GT-LSTM: A spatio-temporal ensemble network for traffic flow prediction

Traffic flow prediction plays an instrumental role in modern intelligent transportation systems. Numerous existing studies utilize inter-embedded fusion routes to extract the intrinsic patterns of traffic flow with a single temporal learning approach, which relies heavily on constructing graphs and has low training efficiency. Different from existing studies, this paper proposes a spatio-temporal ensemble network that aims to leverage the strengths of different sequential capturing approaches to obtain the intrinsic dependencies of traffic flow.
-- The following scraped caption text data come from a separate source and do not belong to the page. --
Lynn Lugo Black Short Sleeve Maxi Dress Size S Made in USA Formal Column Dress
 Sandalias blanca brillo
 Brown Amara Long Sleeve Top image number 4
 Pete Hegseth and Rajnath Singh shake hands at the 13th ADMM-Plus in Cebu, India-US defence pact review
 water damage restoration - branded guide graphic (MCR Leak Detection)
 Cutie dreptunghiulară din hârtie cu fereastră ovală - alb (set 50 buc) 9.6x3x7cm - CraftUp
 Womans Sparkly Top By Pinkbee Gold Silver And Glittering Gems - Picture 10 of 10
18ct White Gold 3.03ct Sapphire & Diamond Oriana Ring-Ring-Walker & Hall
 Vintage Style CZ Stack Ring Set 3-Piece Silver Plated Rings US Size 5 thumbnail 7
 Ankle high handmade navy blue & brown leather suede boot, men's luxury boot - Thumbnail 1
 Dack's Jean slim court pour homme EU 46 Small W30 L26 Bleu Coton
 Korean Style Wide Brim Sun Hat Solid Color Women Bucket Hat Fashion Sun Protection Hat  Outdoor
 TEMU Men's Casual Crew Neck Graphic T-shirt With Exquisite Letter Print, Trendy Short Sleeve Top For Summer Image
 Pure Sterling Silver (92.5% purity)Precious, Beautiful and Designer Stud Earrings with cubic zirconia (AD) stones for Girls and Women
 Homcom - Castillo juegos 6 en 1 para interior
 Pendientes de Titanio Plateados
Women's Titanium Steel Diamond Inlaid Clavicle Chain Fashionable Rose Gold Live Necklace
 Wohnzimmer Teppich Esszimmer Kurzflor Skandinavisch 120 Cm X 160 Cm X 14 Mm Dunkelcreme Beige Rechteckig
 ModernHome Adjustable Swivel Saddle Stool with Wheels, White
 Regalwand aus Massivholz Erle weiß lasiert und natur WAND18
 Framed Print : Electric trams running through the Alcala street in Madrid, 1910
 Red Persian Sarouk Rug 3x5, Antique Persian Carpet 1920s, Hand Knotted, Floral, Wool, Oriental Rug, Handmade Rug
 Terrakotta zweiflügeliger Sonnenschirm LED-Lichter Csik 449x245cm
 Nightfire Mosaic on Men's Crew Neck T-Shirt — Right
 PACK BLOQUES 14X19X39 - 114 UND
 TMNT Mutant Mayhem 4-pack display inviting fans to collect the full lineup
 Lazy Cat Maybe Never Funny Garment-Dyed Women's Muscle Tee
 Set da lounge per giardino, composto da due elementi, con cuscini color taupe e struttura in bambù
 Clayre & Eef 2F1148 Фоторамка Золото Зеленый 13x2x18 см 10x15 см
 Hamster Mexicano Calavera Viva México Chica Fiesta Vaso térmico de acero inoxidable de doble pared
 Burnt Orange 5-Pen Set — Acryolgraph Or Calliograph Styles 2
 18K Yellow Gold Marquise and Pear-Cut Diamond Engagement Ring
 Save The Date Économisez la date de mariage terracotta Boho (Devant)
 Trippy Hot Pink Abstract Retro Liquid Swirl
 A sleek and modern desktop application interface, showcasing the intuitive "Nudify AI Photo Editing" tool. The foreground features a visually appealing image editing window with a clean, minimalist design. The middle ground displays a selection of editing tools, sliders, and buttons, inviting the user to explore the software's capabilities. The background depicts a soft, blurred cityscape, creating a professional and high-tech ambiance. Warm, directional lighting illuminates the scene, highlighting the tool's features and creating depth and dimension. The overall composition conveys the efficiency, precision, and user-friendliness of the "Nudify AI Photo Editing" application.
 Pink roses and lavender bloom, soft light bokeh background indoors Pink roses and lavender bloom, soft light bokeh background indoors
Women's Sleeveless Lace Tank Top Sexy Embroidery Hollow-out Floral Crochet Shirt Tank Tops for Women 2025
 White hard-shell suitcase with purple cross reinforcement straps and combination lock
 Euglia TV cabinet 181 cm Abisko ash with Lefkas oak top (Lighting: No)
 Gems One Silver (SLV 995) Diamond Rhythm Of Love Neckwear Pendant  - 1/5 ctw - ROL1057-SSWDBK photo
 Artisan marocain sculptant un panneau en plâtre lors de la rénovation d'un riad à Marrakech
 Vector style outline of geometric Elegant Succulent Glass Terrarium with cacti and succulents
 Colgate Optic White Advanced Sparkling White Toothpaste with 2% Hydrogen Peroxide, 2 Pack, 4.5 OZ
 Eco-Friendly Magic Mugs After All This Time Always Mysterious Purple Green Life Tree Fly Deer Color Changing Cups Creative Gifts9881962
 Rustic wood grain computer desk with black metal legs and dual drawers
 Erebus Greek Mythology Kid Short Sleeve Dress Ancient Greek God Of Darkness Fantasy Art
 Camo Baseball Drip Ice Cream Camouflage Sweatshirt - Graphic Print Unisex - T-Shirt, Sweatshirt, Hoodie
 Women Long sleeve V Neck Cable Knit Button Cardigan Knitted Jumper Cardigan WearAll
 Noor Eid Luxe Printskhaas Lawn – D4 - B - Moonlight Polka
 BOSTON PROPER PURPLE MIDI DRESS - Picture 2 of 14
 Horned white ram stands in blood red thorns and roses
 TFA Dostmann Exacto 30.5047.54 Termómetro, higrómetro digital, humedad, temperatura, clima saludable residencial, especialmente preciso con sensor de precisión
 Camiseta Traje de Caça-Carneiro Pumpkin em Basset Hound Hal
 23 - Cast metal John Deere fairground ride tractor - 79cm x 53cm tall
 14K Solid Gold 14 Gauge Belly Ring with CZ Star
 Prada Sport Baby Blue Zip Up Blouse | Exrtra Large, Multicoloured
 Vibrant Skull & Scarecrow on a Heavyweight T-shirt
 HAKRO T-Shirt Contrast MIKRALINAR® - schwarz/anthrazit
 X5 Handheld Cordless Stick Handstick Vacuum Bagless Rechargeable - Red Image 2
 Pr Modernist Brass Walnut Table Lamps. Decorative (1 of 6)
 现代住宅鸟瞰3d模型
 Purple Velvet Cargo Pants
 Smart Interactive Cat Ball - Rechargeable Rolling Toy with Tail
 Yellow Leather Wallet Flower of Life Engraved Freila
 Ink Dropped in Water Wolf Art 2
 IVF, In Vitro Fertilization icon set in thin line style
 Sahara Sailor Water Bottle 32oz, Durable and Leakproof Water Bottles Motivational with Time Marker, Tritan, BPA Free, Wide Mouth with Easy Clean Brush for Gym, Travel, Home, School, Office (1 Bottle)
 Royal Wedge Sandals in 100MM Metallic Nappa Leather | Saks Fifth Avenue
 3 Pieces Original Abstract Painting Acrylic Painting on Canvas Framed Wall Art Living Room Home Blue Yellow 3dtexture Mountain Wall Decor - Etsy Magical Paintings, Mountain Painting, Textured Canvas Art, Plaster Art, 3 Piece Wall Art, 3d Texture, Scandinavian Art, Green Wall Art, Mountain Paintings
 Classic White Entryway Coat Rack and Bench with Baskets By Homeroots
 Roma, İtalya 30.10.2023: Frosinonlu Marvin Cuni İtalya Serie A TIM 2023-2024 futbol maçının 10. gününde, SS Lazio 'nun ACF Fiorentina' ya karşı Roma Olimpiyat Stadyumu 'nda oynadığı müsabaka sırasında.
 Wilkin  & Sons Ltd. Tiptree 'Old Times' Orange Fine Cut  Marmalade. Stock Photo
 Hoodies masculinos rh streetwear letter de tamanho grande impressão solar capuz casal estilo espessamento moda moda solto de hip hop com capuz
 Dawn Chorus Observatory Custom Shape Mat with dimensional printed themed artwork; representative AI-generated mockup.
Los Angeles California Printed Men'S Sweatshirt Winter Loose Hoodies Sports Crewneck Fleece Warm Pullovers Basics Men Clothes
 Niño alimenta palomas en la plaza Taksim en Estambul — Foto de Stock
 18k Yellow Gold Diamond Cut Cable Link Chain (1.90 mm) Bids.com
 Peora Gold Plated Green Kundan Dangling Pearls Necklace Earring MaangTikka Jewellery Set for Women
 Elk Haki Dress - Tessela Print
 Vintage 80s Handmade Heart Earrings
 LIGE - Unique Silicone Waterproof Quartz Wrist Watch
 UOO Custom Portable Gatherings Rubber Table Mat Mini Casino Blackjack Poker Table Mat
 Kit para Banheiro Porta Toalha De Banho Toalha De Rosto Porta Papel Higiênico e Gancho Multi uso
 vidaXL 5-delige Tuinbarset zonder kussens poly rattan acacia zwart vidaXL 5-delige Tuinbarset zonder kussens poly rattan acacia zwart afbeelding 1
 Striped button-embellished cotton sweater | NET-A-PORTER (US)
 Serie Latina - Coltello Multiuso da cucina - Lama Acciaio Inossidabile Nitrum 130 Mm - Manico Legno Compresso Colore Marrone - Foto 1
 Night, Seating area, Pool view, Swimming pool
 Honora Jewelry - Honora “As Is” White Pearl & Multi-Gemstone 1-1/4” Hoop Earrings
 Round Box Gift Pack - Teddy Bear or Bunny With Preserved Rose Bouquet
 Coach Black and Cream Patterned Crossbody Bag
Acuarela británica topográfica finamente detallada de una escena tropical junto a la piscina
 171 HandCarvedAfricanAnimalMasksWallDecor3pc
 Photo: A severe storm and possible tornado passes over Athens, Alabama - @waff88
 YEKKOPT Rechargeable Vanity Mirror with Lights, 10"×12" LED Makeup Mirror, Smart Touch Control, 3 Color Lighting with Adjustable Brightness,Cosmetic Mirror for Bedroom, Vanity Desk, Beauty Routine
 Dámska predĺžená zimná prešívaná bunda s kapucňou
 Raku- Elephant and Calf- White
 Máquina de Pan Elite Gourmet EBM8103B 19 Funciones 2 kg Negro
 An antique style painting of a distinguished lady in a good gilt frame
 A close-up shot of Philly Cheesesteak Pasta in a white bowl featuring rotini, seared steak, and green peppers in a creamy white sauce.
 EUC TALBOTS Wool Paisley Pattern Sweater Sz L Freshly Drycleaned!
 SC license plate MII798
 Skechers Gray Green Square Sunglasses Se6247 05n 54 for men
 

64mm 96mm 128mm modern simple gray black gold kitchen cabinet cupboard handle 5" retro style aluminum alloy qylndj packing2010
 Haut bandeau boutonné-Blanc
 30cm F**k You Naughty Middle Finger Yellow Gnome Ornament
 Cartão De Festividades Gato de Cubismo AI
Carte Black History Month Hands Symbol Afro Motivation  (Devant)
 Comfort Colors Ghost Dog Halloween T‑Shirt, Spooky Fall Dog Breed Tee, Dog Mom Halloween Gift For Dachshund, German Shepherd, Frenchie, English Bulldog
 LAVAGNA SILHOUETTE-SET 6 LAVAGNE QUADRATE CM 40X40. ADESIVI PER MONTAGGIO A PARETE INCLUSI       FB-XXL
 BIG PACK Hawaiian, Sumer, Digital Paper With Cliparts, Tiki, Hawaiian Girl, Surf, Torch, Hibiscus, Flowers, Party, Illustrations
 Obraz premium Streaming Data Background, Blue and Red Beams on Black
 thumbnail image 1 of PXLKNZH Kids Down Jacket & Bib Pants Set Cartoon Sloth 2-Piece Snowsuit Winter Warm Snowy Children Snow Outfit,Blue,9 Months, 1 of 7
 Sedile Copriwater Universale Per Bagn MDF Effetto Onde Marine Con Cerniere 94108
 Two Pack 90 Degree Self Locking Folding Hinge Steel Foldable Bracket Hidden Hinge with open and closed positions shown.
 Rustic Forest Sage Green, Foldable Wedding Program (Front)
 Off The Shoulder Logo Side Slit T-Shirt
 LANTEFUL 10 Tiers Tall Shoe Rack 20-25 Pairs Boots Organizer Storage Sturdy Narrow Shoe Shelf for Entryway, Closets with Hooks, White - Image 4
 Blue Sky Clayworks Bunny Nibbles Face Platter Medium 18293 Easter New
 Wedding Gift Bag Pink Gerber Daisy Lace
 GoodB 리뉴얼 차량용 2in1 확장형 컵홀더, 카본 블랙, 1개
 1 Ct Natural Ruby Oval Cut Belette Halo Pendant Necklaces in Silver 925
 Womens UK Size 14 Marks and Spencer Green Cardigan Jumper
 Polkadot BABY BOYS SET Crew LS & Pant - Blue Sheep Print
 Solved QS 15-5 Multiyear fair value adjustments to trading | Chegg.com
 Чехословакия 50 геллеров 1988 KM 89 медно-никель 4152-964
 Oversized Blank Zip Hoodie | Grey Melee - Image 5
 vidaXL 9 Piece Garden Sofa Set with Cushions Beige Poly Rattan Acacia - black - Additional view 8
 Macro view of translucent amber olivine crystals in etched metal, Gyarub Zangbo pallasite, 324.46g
Specifically, we propose a novel model named graph temporal convolutional long short-term memory network (GTLSTM), which mainly consists of features splicing and patterns capturing. In features splicing, the spatial dependencies of traffic flow are captured by employing self-adaptive graph convolutional network (GCN), and a non-inter-embedded approach is designed to integrate the spatial and temporal states. Further, the aggregated spatio-temporal states are fed into patterns capturing, which can effectively exploit the advantages of temporal convolutional network (TCN) and bidirectional long short-term memory network (Bi-LSTM) to extract the intrinsic patterns of traffic flow. Extensive experiments conducted on four real-world datasets demonstrate that the proposed network obtains excellent performance in both forecasting accuracy and training efficiency.